А Лещенко — настоящий, аутентичный. Совок его всегда любил — это была форма протеста. Во всех домах, где пытались сохранить вкус и аромат связи с дореволюционным прошлым — что называется «черемуху», — собирали Лещенко и на семейных торжествах его ставили. Но поскольку это был редчайший автор и его достать было трудно, то 90 % того, что в Совке шло «под Лещенко», были лишь имитациями и подделками. Иногда довольно похожими. Я сам об этом узнал только в последствии.
Виталий Гайдар без напевания Лещенко не ходил. У него был хороший слух, но довольно неприятный голос. Это придавало его пению удивительное обаяние, потому что когда он, с выдвинутой челюстью, напоминая самосвал, напевал Лещенко, возникал удивительный эффект. Надо сказать, что бабушка Лещенко ненавидела. Видимо, ее в 20-е годы уже достали этим делом.
И вот с Виталием Гайдаром мы сдружились. Он был проблемный парень. И он сразу выделил в качестве «точки проблемности» Козловского. Казалось бы, что ему Козловский? Виталий на третьем курсе, а Козловский только что поступил. Но практически на любой встрече со мной он Козловского обсуждал.
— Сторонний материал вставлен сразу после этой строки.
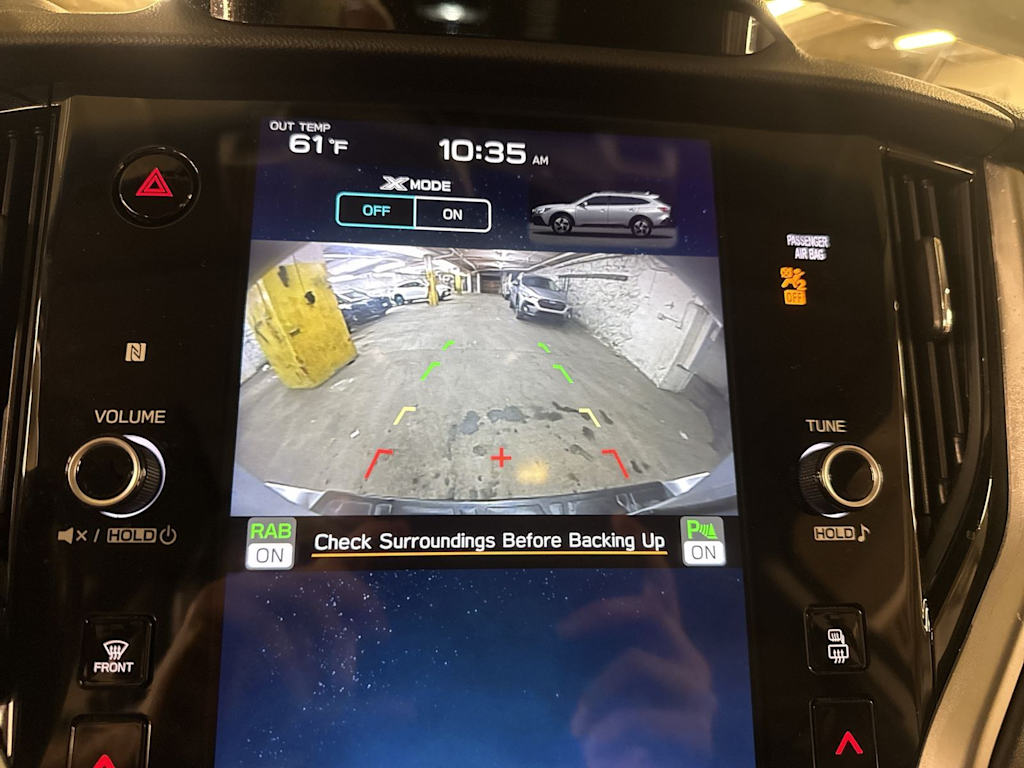 Thumbnail: 2021 Subaru Outback - 36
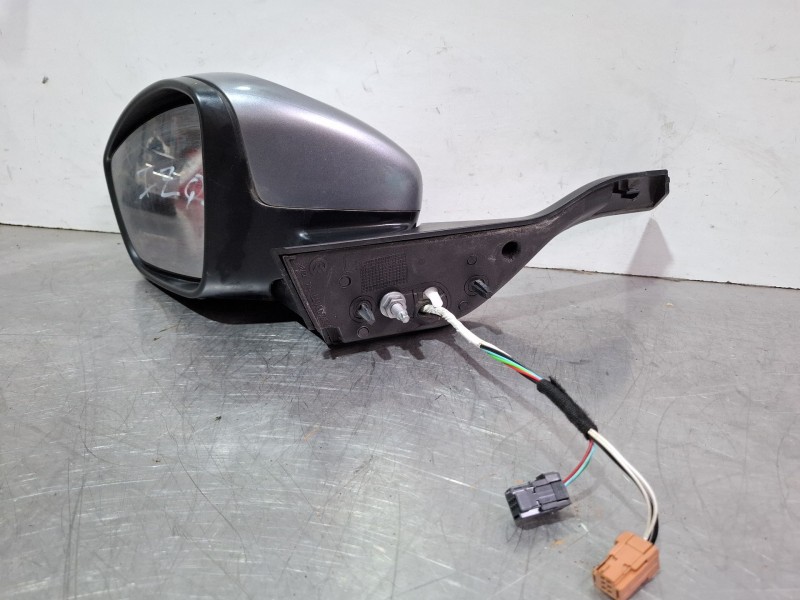 Recambio de espejo retrovisor izquierdo electrico para peugeot 2008 act 1.6 hdi referencia OEM IAM E20211047  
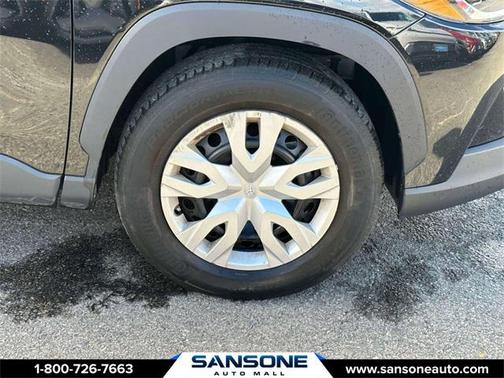 2023 Toyota Corolla Cross L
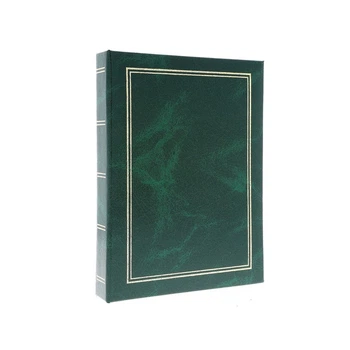 Фотоальбом GEDEON 10x15/200 CLASSIC GREEN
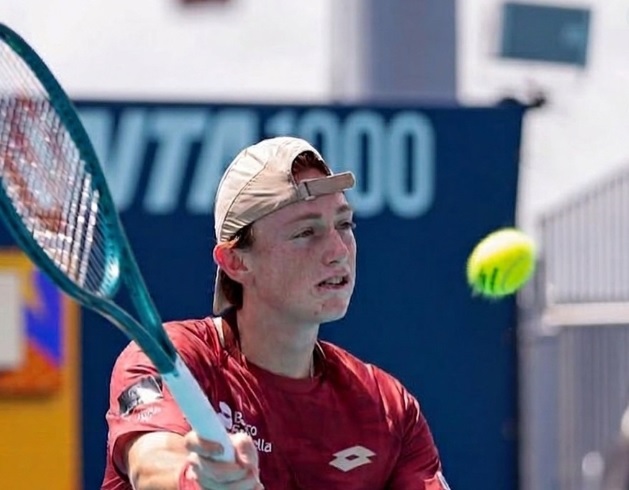Gran triunfo de Ignacio Buse en el Grand Prix de Marruecos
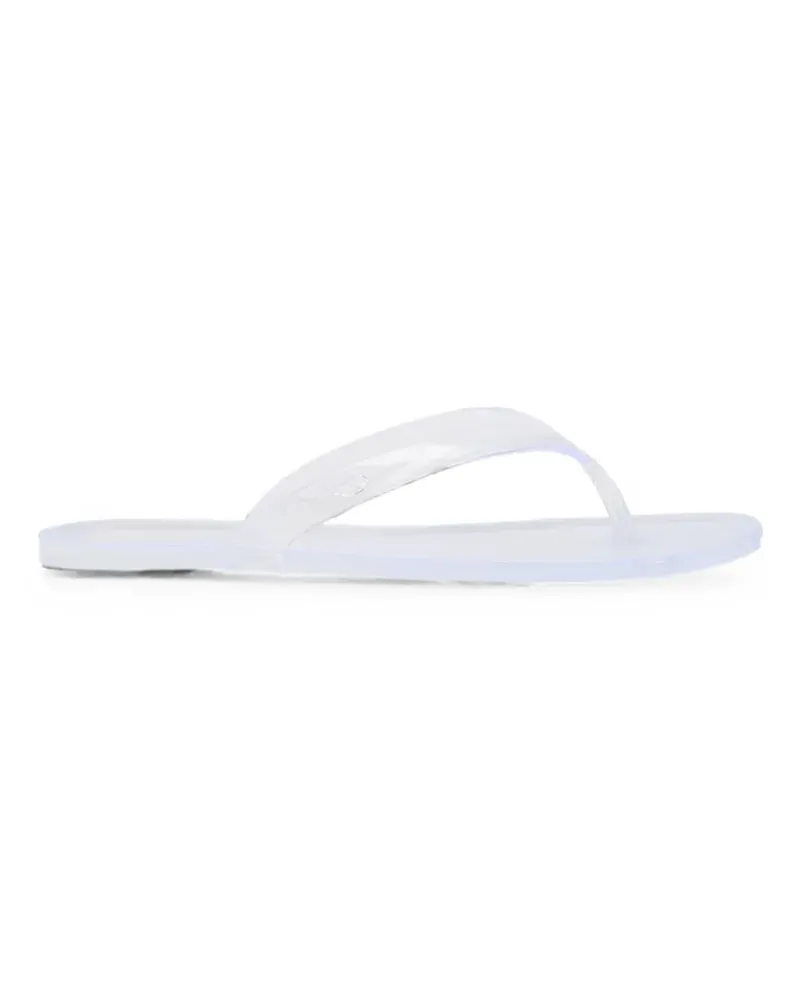 Ancient Greek Sandals thong-strap flip-flops - Weiß Weiß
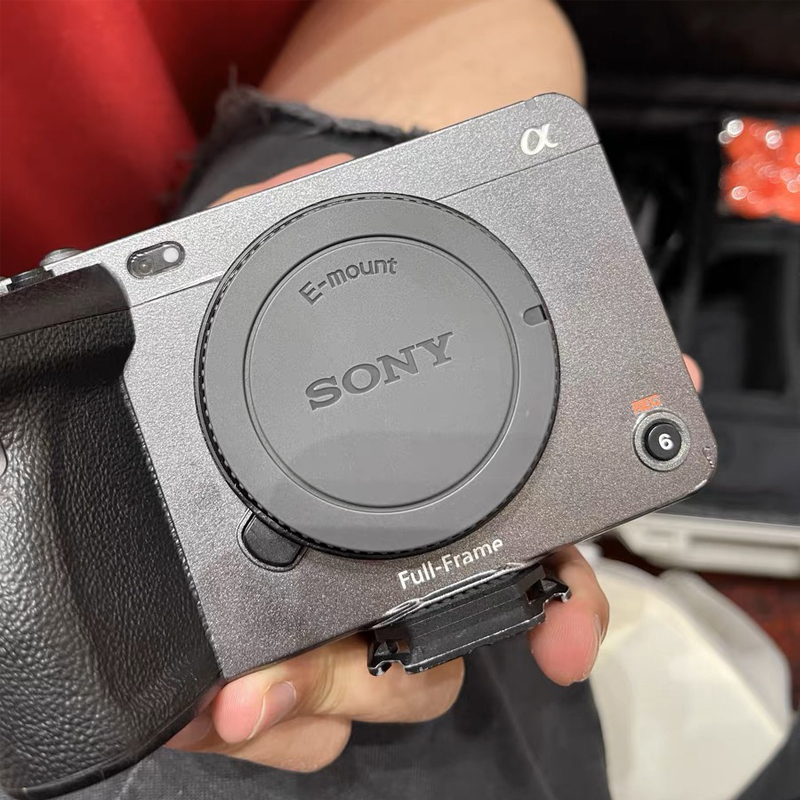 索尼微单E卡口机身盖适用于a6000 A6400 a7m3 A6300 相机镜头后盖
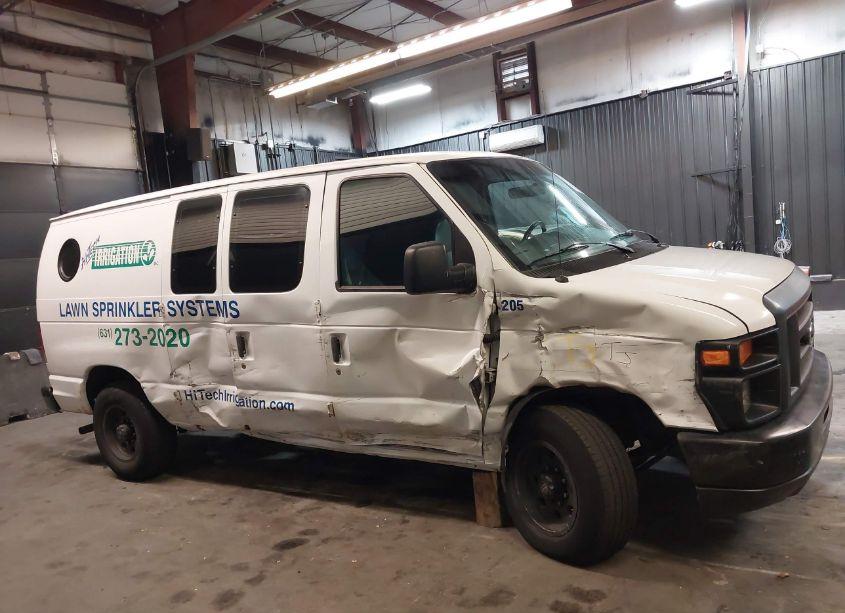 Photo 13 of 2008 Ford E-250 COMMERCIAL/RECREATIONAL (VIN 1FTNE24W28DB01627)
Его очень занимала еврейская тема — происхождение евреев, психопатии евреев, психология евреев, заговор евреев. В советское время антисемиты были на каждом шагу — просто с разной степенью отвязки. Все зависело от того, в какой ты нише. Если ты сидишь в среде еврейских интеллигентов, то наезжать на евреев не «политесно». Но если ты уверен, что рядом нет евреев, то пожалуйста.
Впервые у меня появился собеседник, с которым говорил о Канте и Достоевском. Он говорил о них непрерывно. Почему о Канте — не могу сказать, но Достоевский его заразил так же, как и меня. Достоевский служил входом в очень близкие нам проблемы — проблемы революции, восстания, проблемы подпольного человека.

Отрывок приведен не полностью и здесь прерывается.